* **Aim of the task**
In the lines below, output everything from the first line through the line containing "个人闲置ipadair 32g 插卡wif..." exactly as it is. Pictures are not part of the output.

*** Dataset content ***

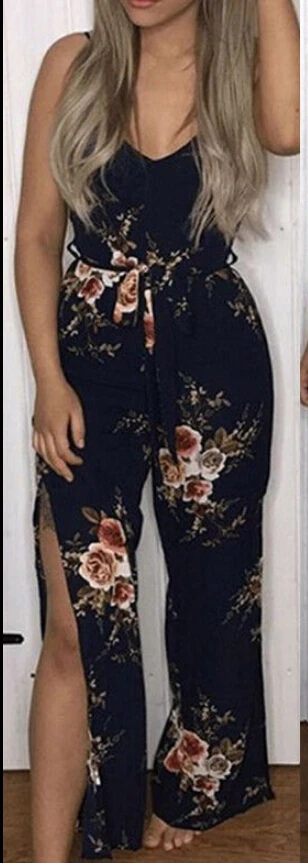 boho jumpsuits uk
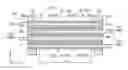 Fig. 01 - ELECTRODE STRUCTURAL BODY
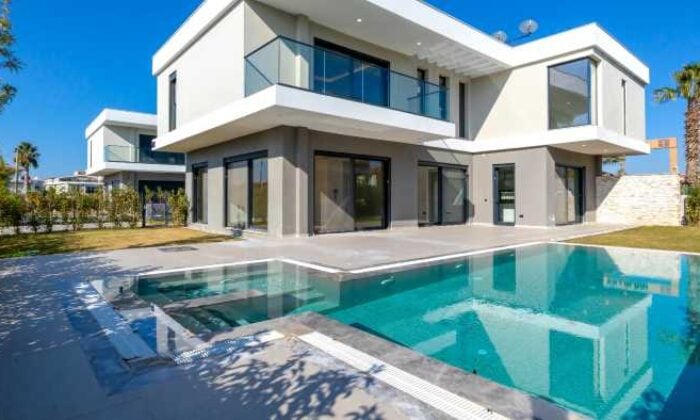 HomeSasalı’da doğayla iç içe konforlu yaşam keyfi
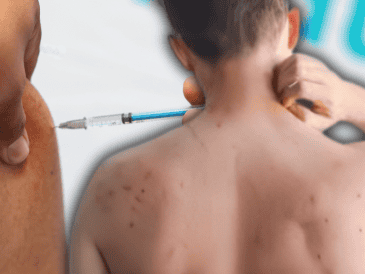 El aumento de casos de sarampión en Jalisco ocurre mientras en el estado se desarrolla la Serie del Caribe, y a cuatro meses de ser una de las sedes de la Copa del Mundo 2026. EL INFORMADOR/ARCHIVO ESPECIAL/Canva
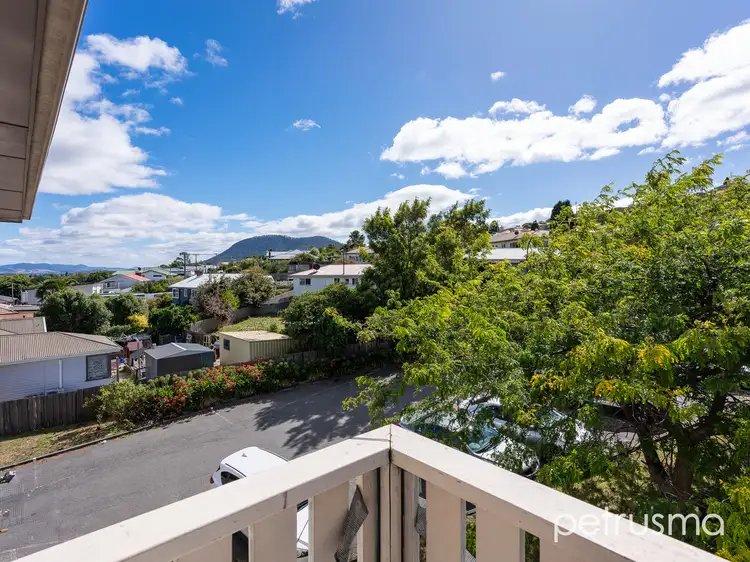 Main view of Homely unit listing, 10/369 Brooker Highway, Lutana TAS 7009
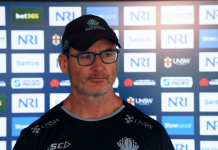 Wary Waratahs to stick to game plan against the Fijian Drua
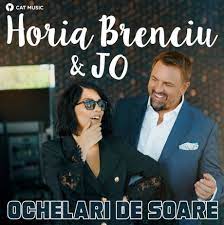 A absolvit colegiul național „andrei șaguna, academia de teatru și film din bucurești și. Colaborare IneditÄƒ Horia Brenciu LanseazÄƒ ImpreunÄƒ Cu Jo Bdquo Ochelari De Soare Pro Tv
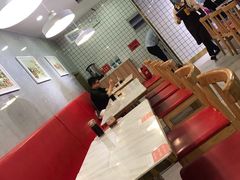 大堂-百年尹氏汤包(湖南路狮子桥店)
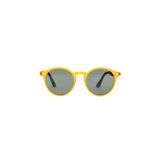 Hardy Unisex Polarize Güneş Gözlüğü (Turuncu)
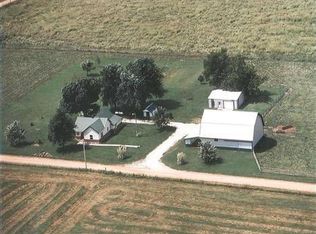 17980 Big Spring Dr, Fairview, MO 64842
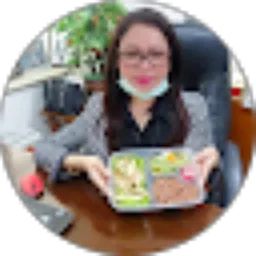 Review From Elisabeth Simatupang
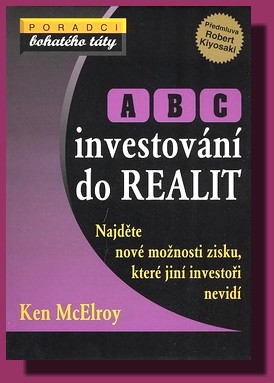 ABC investování do realit - najděte nové možnosti zisku, které jiní investoři nevidí 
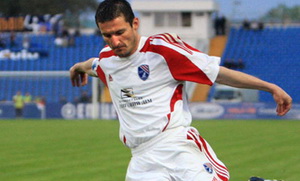 фото ФК Таврия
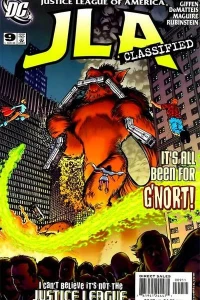 Lo! There Shall Come an Ending - And None Too Soon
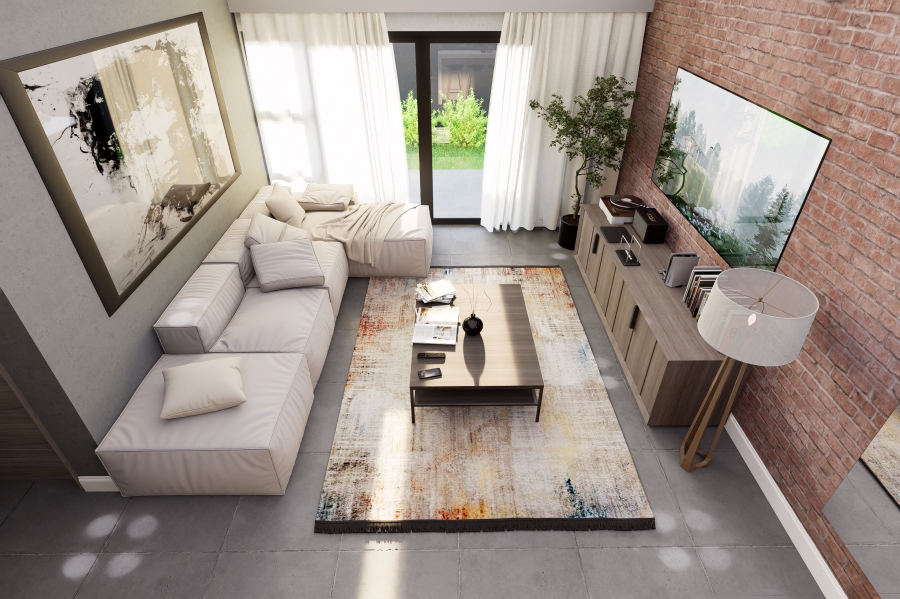 3 Bedroom Property for Sale in Bryanston Gauteng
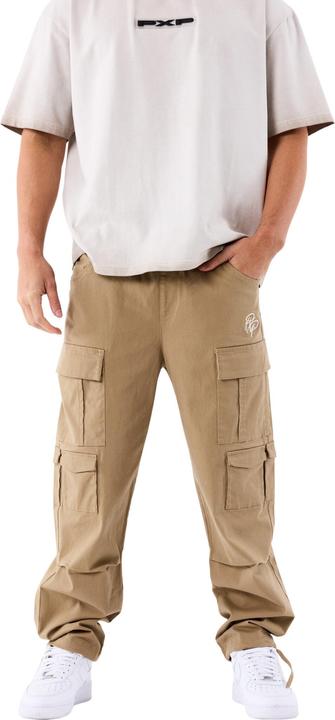 Image du produit Project X Paris Pantalon cargo multipoches (M)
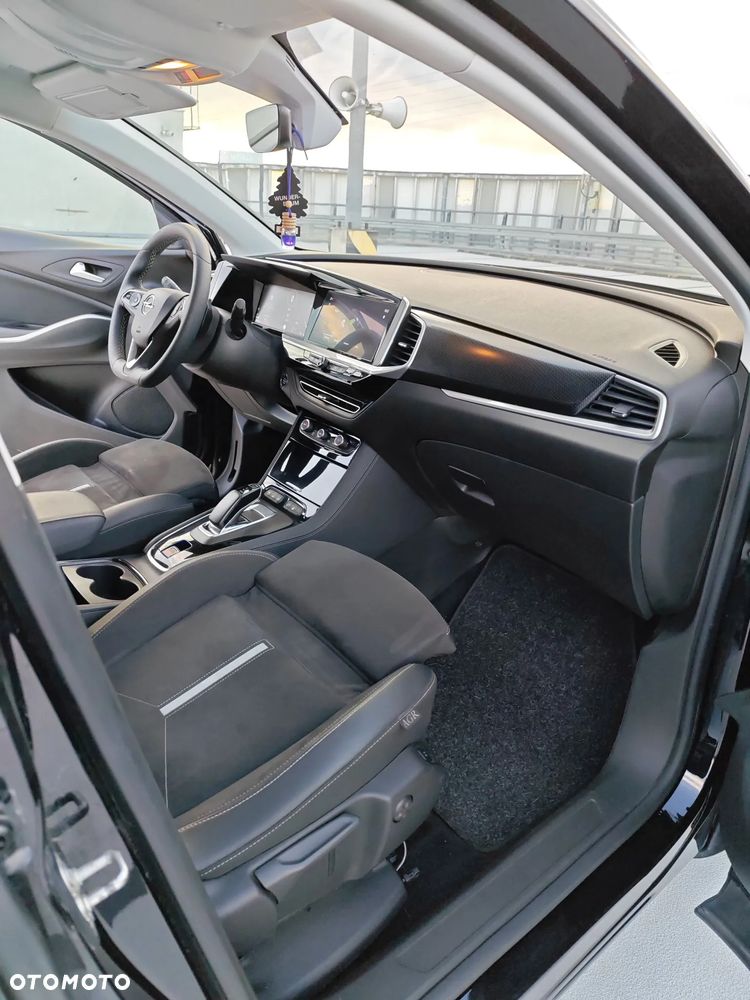 Opel Grandland - 23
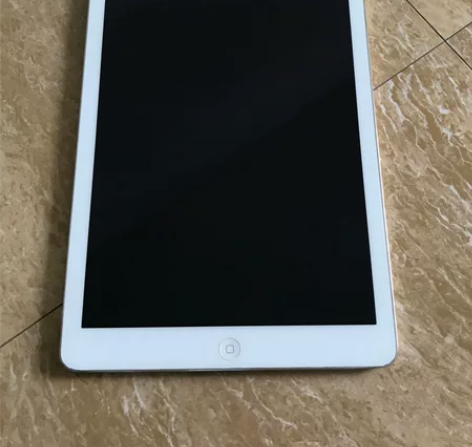 个人闲置ipadair 32g 插卡wif...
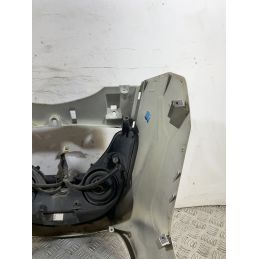 Carena Scudo Anteriore Con Fari Yamaha Xmax X-Max 250 Dal 2005 al 2009  1753178637620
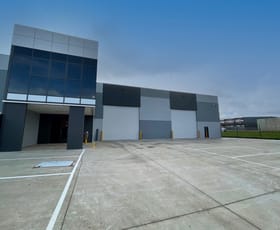 Factory, Warehouse & Industrial commercial property leased at 26 Apex Drive Truganina VIC 3029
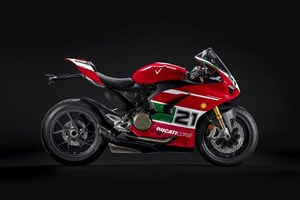 Angebot Ducati Panigale V2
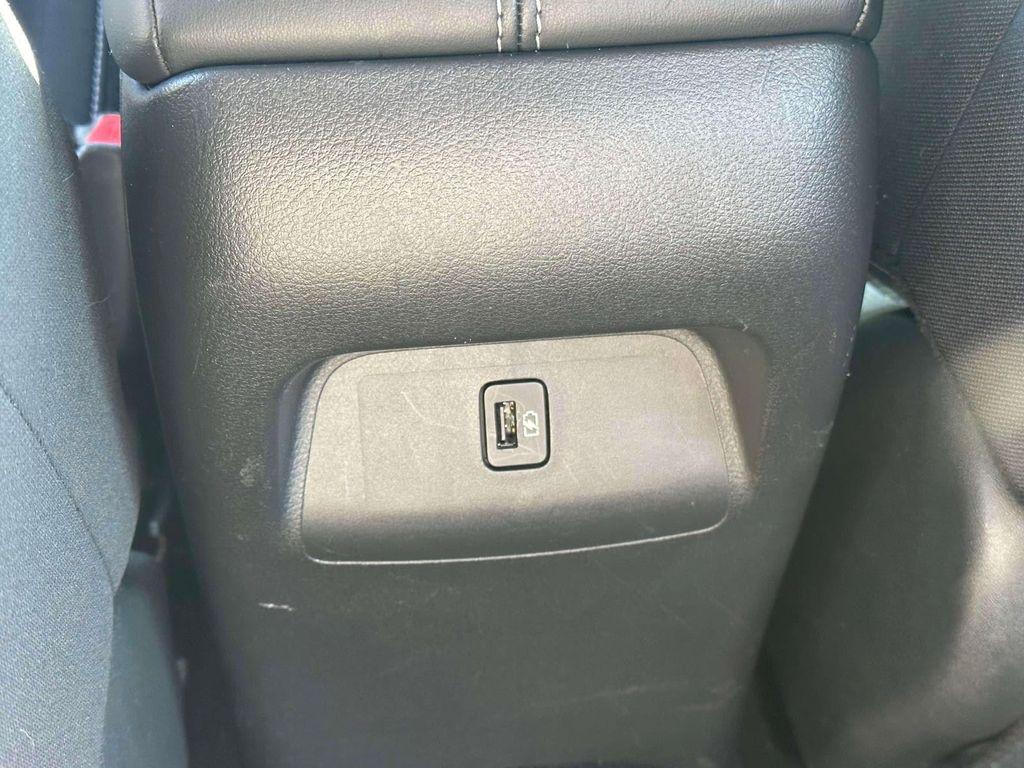 used 2021 Nissan Sentra car, priced at $14,837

***

* **Written answer**
 boho jumpsuits uk
 Fig. 01 - ELECTRODE STRUCTURAL BODY
 HomeSasalı’da doğayla iç içe konforlu yaşam keyfi
 El aumento de casos de sarampión en Jalisco ocurre mientras en el estado se desarrolla la Serie del Caribe, y a cuatro meses de ser una de las sedes de la Copa del Mundo 2026. EL INFORMADOR/ARCHIVO ESPECIAL/Canva
 Main view of Homely unit listing, 10/369 Brooker Highway, Lutana TAS 7009
 Wary Waratahs to stick to game plan against the Fijian Drua
 A absolvit colegiul național „andrei șaguna, academia de teatru și film din bucurești și. Colaborare IneditÄƒ Horia Brenciu LanseazÄƒ ImpreunÄƒ Cu Jo Bdquo Ochelari De Soare Pro Tv
 大堂-百年尹氏汤包(湖南路狮子桥店)
 Hardy Unisex Polarize Güneş Gözlüğü (Turuncu)
 17980 Big Spring Dr, Fairview, MO 64842
 Review From Elisabeth Simatupang
 ABC investování do realit - najděte nové možnosti zisku, které jiní investoři nevidí 
 фото ФК Таврия
 Lo! There Shall Come an Ending - And None Too Soon
 3 Bedroom Property for Sale in Bryanston Gauteng
 Image du produit Project X Paris Pantalon cargo multipoches (M)
 Opel Grandland - 23
 个人闲置ipadair 32g 插卡wif...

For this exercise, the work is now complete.